Sanctioned cloud services such as Office 365, Salesforce, Box, and Slack are used in business-critical processes and, as a result, house sensitive corporate data. 18.1% of all documents uploaded into cloud-based file sharing services contain sensitive data such as confidential IP, personally identifiable information (PII), personal health information (PHI), or financial data. While leading cloud service providers have built state-of-the-art controls into their infrastructure, enterprises are responsible for securing their employees’ usage and data.
To that end, enterprise-grade cloud services offer APIs that support visibility and policy enforcement by a CASB. Generally, these APIs support audit trails of user activity, content inspection, and scanning user privileges, sharing permissions on files and folders, and application security settings.
By 2018, 40% of Office 365 deployments will rely on third-party tools to fill in gaps in security and compliance, which is a major increase from fewer than 10% in 2015.
-GARTNER, CASB PLATFORMS DELIVER THE BEST FEATURES AND PERFORMANCE
Below are the top five ways a CASB helps enterprises secure their sanctioned cloud services.
1) Enforce DLP policies for data stored in the cloud
Companies can enforce data loss prevention (DLP) policies to detect sensitive data that has been uploaded or is existing in the cloud. For example, if the corporate policy is to prohibit credit card numbers being stored in the company’s cloud-based file sharing service, then a CASB can be used to scan pre-existing data at rest as well as inspect uploads on an ongoing basis to detect policy violations and provide multiple remediation options such as alert, block quarantine, encrypt, and delete.
DLP policies can be created natively within the CASB using advanced techniques such as data identifiers, indexed data matching, and exact data matching. API is typically the preferred deployment mode for collaboration services because it also enables policy enforcement for content created natively within the cloud service, but CASBs offer varying response times for API enforcement, which range from under 30 seconds to over 30 minutes.
2) Enforce policies from an on-premises DLP solution
Most companies have made investments in acquiring on-premises DLP solutions and building workflows to cover a number of their existing processes. A CASB can integrate with these on-premises DLP solutions to extend workflows and controls to the cloud.
For example, a CASB can be used to evaluate all files stored in Box against policies in Intel McAfee DLP and enforce the appropriate remediation action based on those policies (e.g. quarantine, delete, encrypt, etc.).
3) Enforce collaboration policies on data shared from cloud services
The increase in cloud-to-cloud traffic requires companies to enforce controls that protect sharing and collaboration within cloud services between employees and external users.
For example, a company can define a CASB policy to find all files in Box that are shared with non-approved domains such as personal email IDs and revoke sharing permissions. Policies can also be applied to revoke all untraceable shared links that can be forwarded to anyone. Using a CASB, companies can also leverage DLP policies and data classification to prevent the sharing of internal-only documents with any external party.
4) Capture an audit trail of all user activity for forensic investigations
A CASB solution captures user activity data within a cloud service for audit trails or forensic investigations.
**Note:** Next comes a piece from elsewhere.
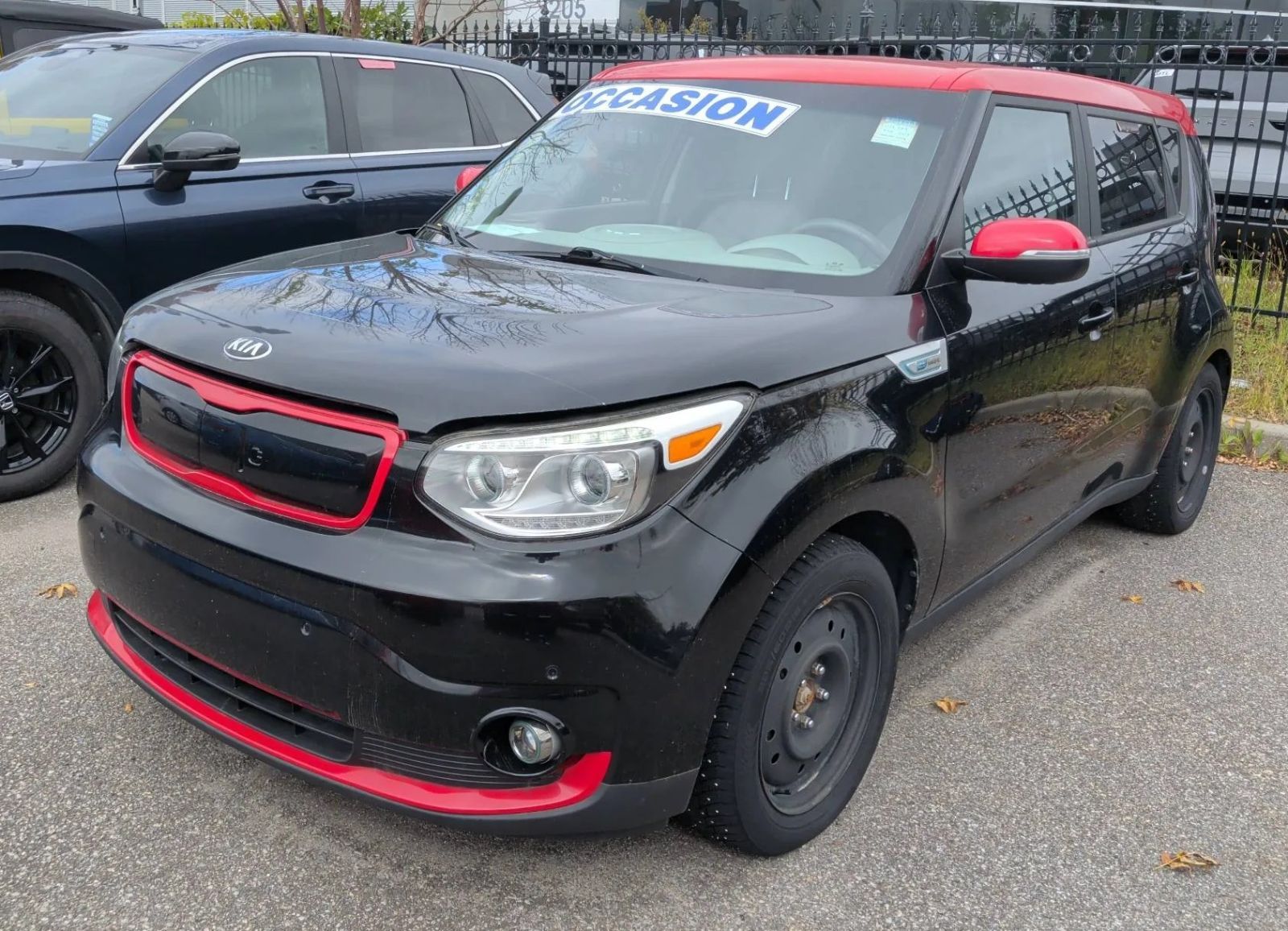 2017 KIA Soul EV + **EN TRANSIT - Photo 1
For example, an administrator looking to investigate user activity on SharePoint Online can filter audit logs by multiple parameters including user, date, activity category (upload/download/delete/access etc.), role, and location to get to the required information.
5) Detect threats from compromised accounts, insiders, and privileged users
CASBs analyze cloud activity across multiple heuristics and leverage machine learning to detect anomalous usage pertaining to compromised accounts, insider threats, and privileged user misuse.
For instance, if a user logs into OneDrive from New York and then logs into Slack from Moscow five minutes later, the CASB will see this activity as anomalous and potentially indicative of a compromised account. Other examples of anomalies include excessive downloads by insiders and deletion of user accounts by privileged users. CASBs are able to correlate multiple anomalies to surface true threats and reduce false positive alerts.